— EXERCISE AIM —
Look below for the line containing "Certified 2025 Toyota Camry SE image 21"; from there, print each line exactly up to and including the line containing "Fachadas de edifícios", and stop.

— SUPPLIED DATA —
>>>

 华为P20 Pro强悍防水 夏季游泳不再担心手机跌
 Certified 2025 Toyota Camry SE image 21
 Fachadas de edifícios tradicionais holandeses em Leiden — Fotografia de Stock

<<<
>>>

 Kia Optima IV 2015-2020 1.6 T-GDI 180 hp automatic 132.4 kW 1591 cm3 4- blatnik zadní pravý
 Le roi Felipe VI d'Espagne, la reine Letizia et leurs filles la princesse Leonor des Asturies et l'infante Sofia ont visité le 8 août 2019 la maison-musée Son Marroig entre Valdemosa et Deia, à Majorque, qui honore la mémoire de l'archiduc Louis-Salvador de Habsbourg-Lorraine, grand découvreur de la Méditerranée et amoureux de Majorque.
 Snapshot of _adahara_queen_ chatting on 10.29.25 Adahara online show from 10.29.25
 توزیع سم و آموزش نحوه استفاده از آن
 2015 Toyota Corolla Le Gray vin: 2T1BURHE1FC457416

<<<
>>>

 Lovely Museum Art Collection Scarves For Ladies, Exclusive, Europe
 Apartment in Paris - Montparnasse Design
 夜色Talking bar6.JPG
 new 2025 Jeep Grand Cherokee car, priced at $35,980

<<<

— YOUR SOLUTION —
 Certified 2025 Toyota Camry SE image 21
 Fachadas de edifícios tradicionais holandeses em Leiden — Fotografia de Stock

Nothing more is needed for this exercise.